Certainly we see the "rise of the mob" — the first half of the subtitle and the preponderance of the book. And what's intriguing is that the "decline of the mob" the author describes in the last chapters is really business people such as the art collector Steve Wynn and the "businessman and philanthropist" Kirk Kerkorian relishing their high-profile images. As did Sheldon Adelson, who tried to have online gambling legislatively banned. The practice wasn't outlawed, but it didn't matter to Adelson's bottom line. When he died in 2021 he was one of the world's wealthiest entrepreneurs, worth $35 billion.
"Several businesses that deal with the casinos are whispered to be run by mobsters or secretly owned by mobsters or associated with mobsters," Mr. Sussman writes late in the book. "Are such whispers facts or mere rumors? Neither federal law enforcement officials, nor local ones, comment one way or the other. Though the mob is certainly gone from the count rooms, its shadowy hands may still be benefiting from collateral businesses, some of which were set up decades ago by Vegas mobsters now long dead."
And then Mr. Sussman turns to the current glitzy reality. "Indeed, everything in Vegas is now aimed at hordes of middle-class tourists. They want everything big and splashy and loud. And that's what they get." He recognizes that the small casinos have been demolished, replaced by hotels, each of which has the "population of a small town." He wryly notes that Vegas has now "outpaced Orlando, Florida, as a tourist destination." Not only does Vegas have thousands more hotel rooms than Orlando, but Orlando's occupancy rate is 70 percent compared to Vegas's 90.

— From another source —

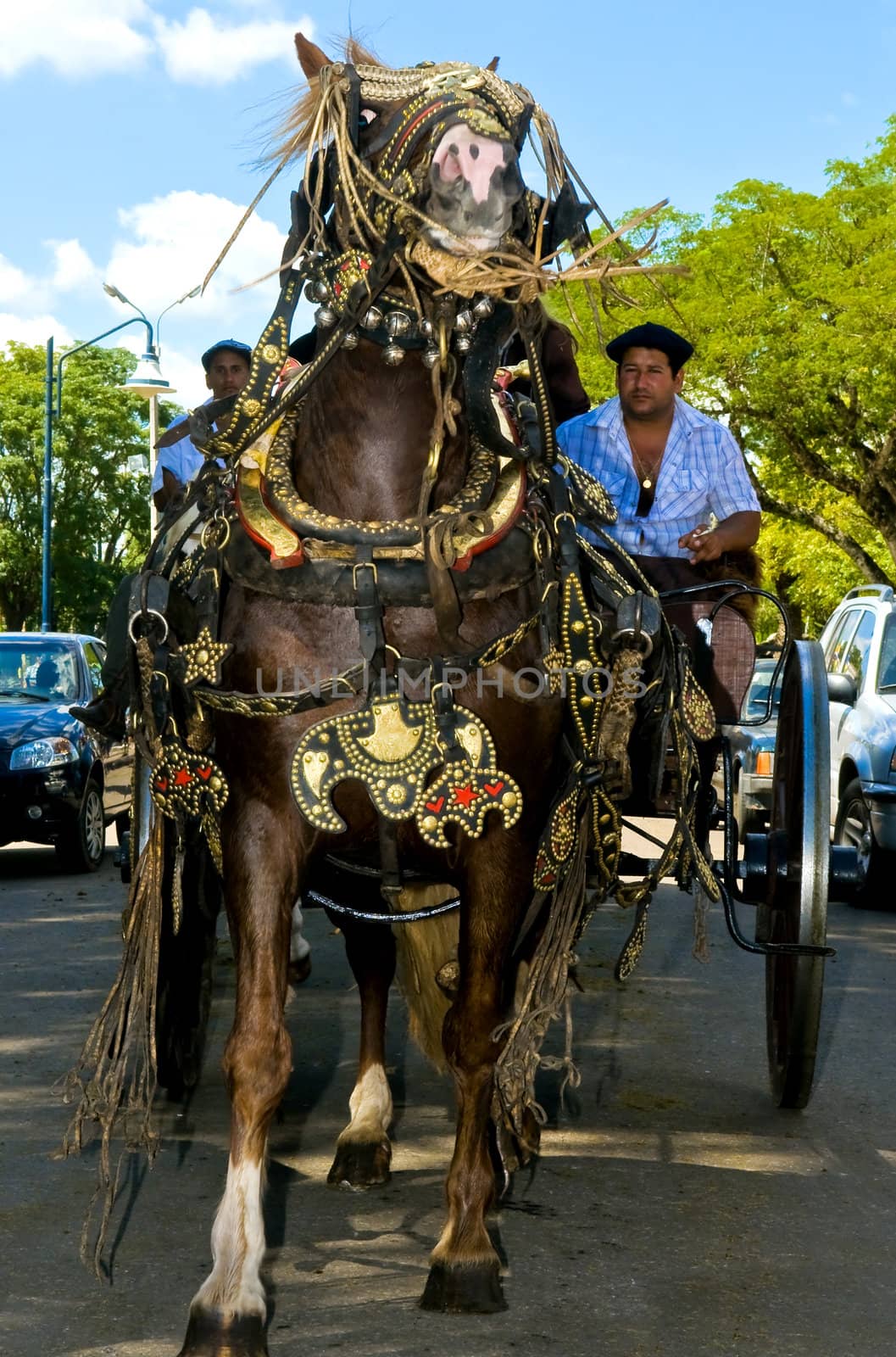 TACUAREMBO, URUGUAY - MAR 6 : Participant in the annual festival "Patria Gaucha" March 6, 2010 in Tacuarembo, Uruguay. It is one of the biggest festival in South America to celebrate gaucho culture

The house never loses. How could such a creative set of enterprises not figure out how to win? And win. "Slot machines are the most profitable games of chance in town," Mr. Sussman writes. But how is it that the one-armed (as well as the two-armed) bandits make us think we might possibly beat them at their own game?
Lou Ann Walker, a professor in Stony Brook University's creative writing and film program, now the Lichtenstein Center, is executive editor of the literary and arts journal TSR: The Southampton Review. She lives in Sag Harbor.
Jeffrey Sussman lives part time in East Hampton. He will discuss "Sin City Gangsters" on Sunday at 1 p.m. at the John Jermain Memorial Library in Sag Harbor.